Tian Yingjie, Ping Yuan
Research Center on Fictitious Economy & Data Science, Chinese Academy of Sciences, Beijing 100190, China.
Department of Computer Science and Technology, Xuchang University, Xuchang 461000, China; Information Security Center, Beijing University of Posts and Telecommunications, Beijing 100876, China.
Neural Netw. 2014 Feb;50:166-74. doi: 10.1016/j.neunet.2013.11.014. Epub 2013 Nov 26.

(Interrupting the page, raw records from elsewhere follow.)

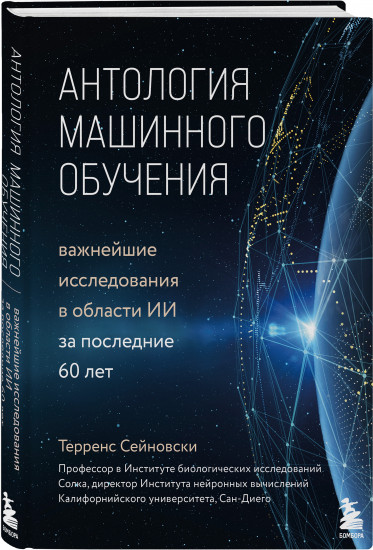 Антология машинного обучения. Важнейшие исследования в области ИИ за последние 60 лет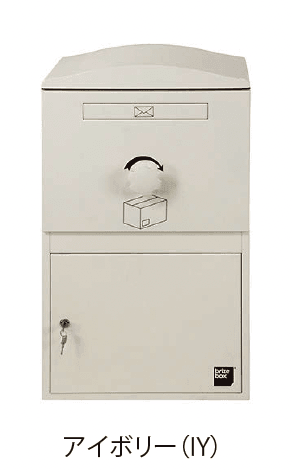 EXDECOの「ブライズボックス」のサブ画像7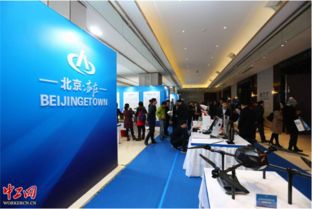 技术开发 驱动财经变革与全球竞争的核心引擎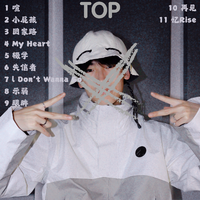喧泫然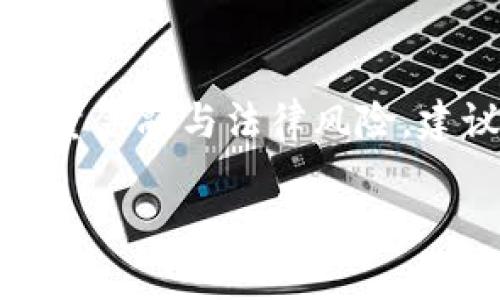 提示：以下内容为一个基于用户要求的框架说明，实际展会涉及大量金融与法律风险，建议在进行任何交易前咨询专业人士。内容未必符合实时市场状况。

数字货币打款五十万：安全、高效的数字资产转移详解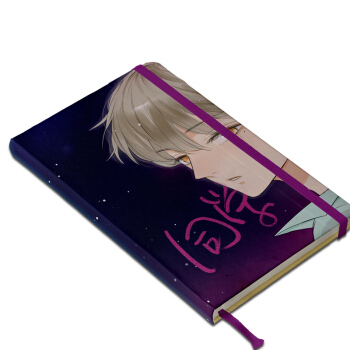 《同学关系？》手帐本 pdf epub mobi 电子书 下载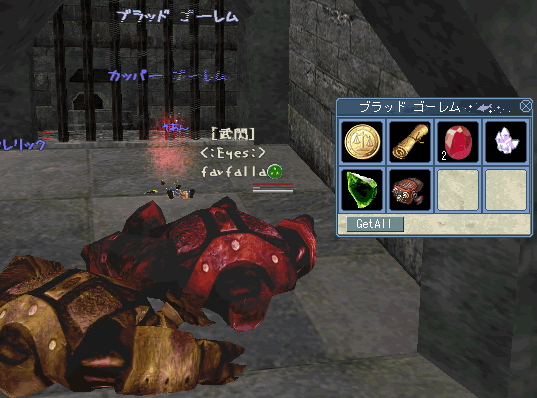 c0142956_2591222.gif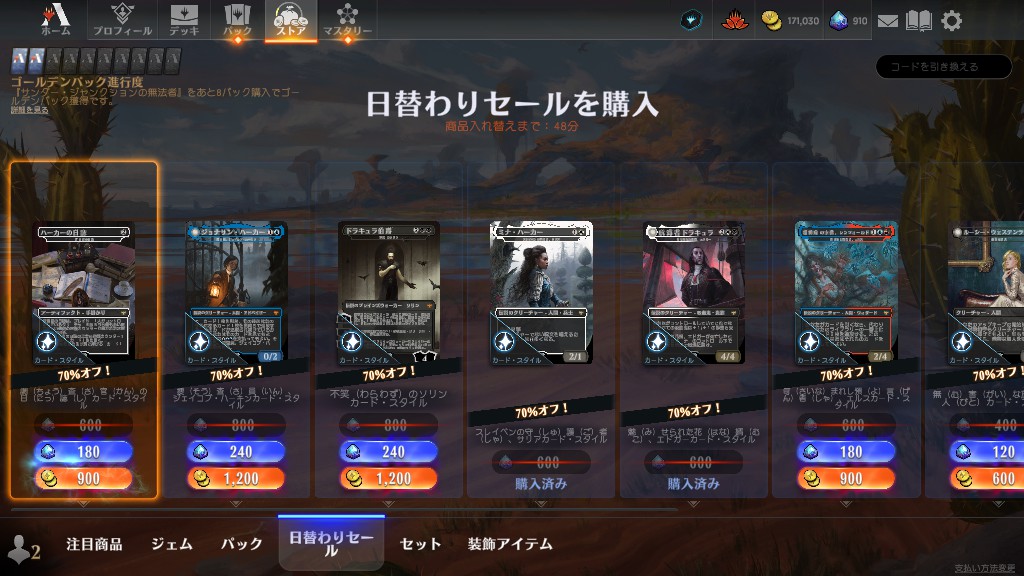 Steam Community :: Magic: The Gathering Arena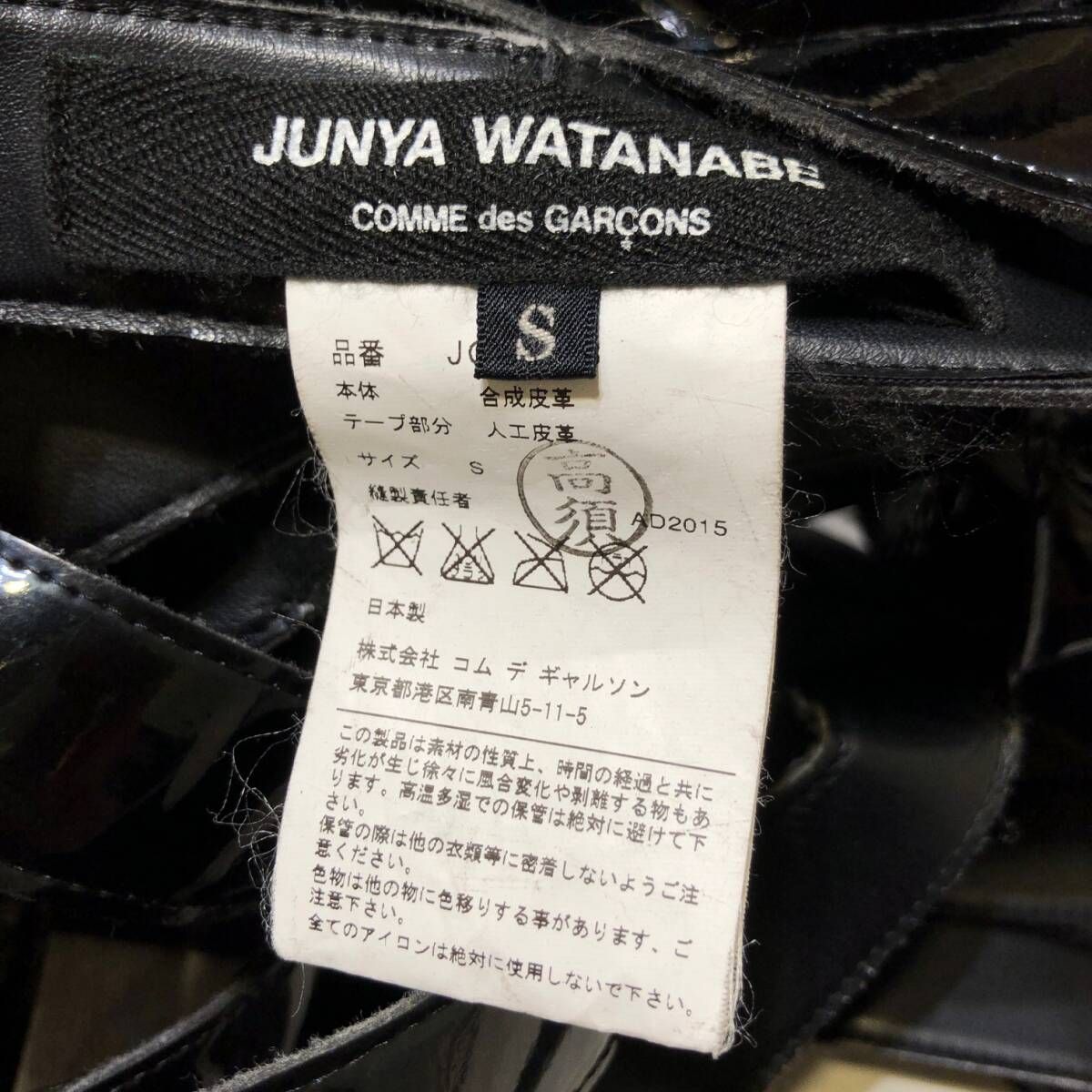 エナメルベルトストール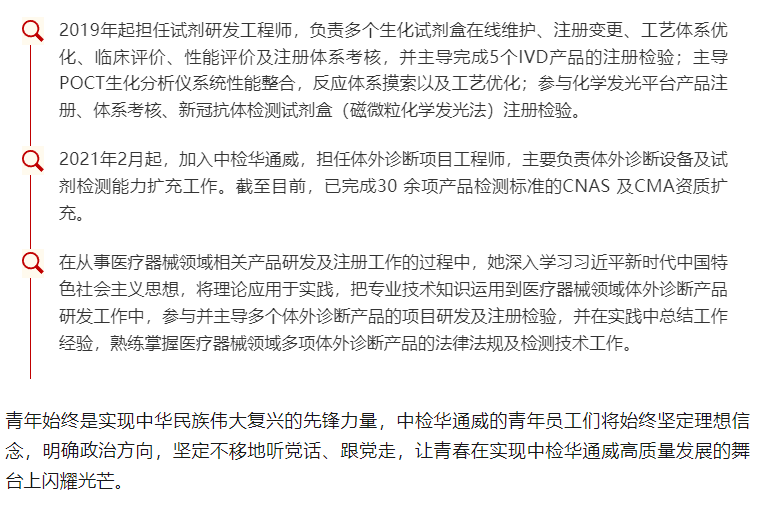 yth2206游艇会·(中国区)官方网站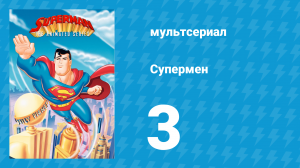 Супермен 1 сезон 3 серия (мультсериал, 1996)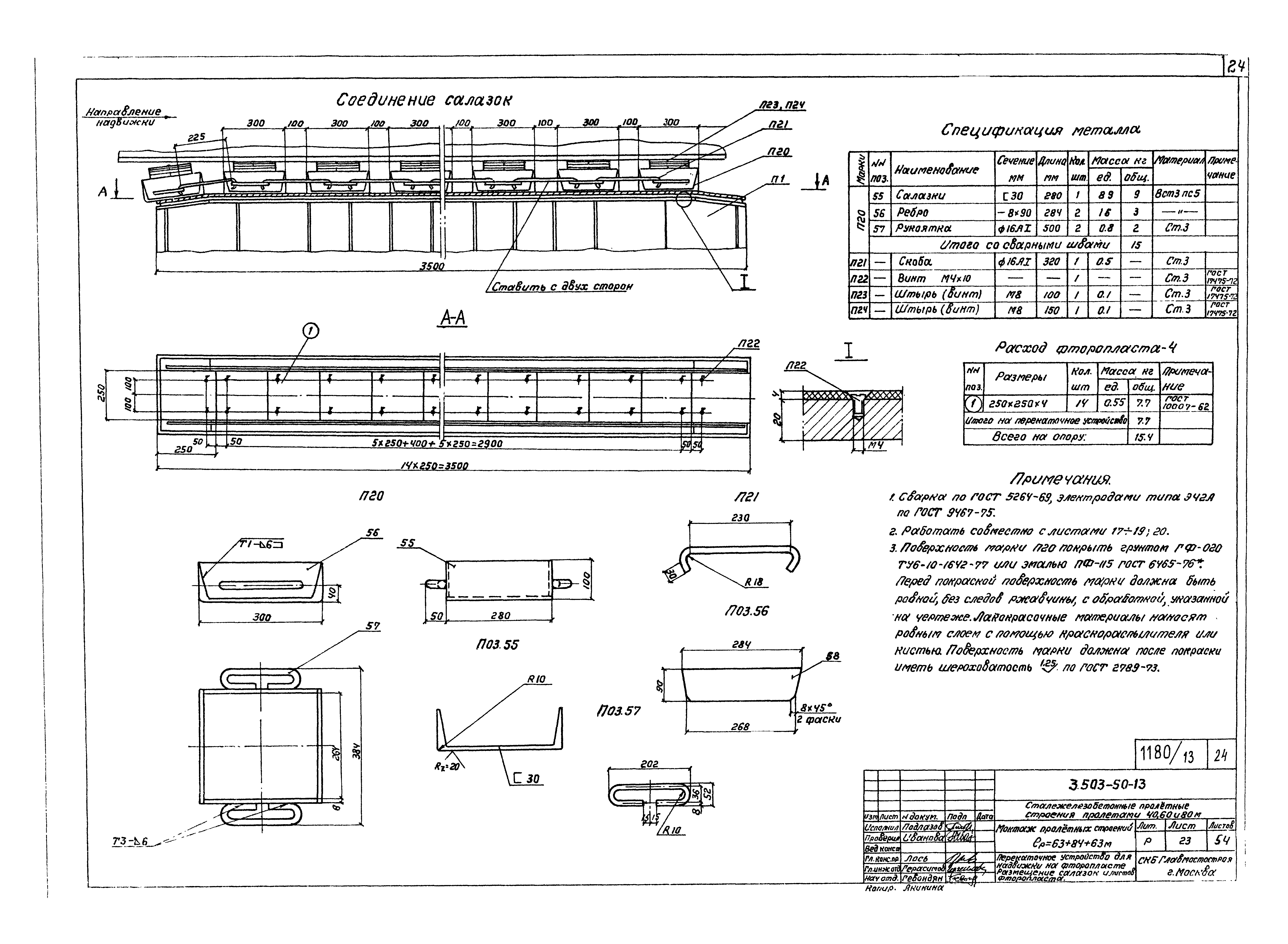 Серия 3.503-50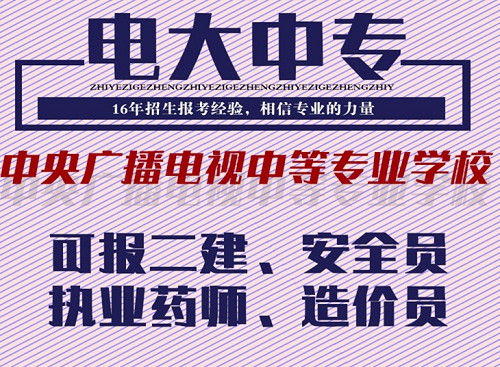 中央廣播電視大學(xué)專業(yè)有哪些？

Twin support vector machines (TWSVMs), as the representative nonparallel hyperplane classifiers, have shown the effectiveness over standard SVMs from some aspects. However, they still have some serious defects restricting their further study and real applications: (1) They have to compute and store the inverse matrices before training, it is intractable for many applications where data appear with a huge number of instances as well as features; (2) TWSVMs lost the sparseness by using a quadratic loss function making the proximal hyperplane close enough to the class itself. This paper proposes a Sparse Linear Nonparallel Support Vector Machine, termed as L1-NPSVM, to deal with large-scale data based on an efficient solver-dual coordinate descent (DCD) method. Both theoretical analysis and experiments indicate that our method is not only suitable for large scale problems, but also performs as good as TWSVMs and SVMs.
孪生支持向量机(TWSVMs)作为代表性的非平行超平面分类器,已在某些方面显示出优于标准支持向量机的有效性。然而,它们仍存在一些严重缺陷,限制了其进一步研究和实际应用:(1)在训练前必须计算和存储逆矩阵,对于许多具有大量实例和特征的数据应用来说难以处理;(2)TWSVMs通过使用二次损失函数失去了稀疏性,使得近端超平面足够接近类本身。本文提出了一种稀疏线性非平行支持向量机,称为L1-NPSVM,基于一种高效求解器——对偶坐标下降(DCD)方法来处理大规模数据。理论分析和实验均表明,我们的方法不仅适用于大规模问题,而且性能与TWSVMs和支持向量机相当。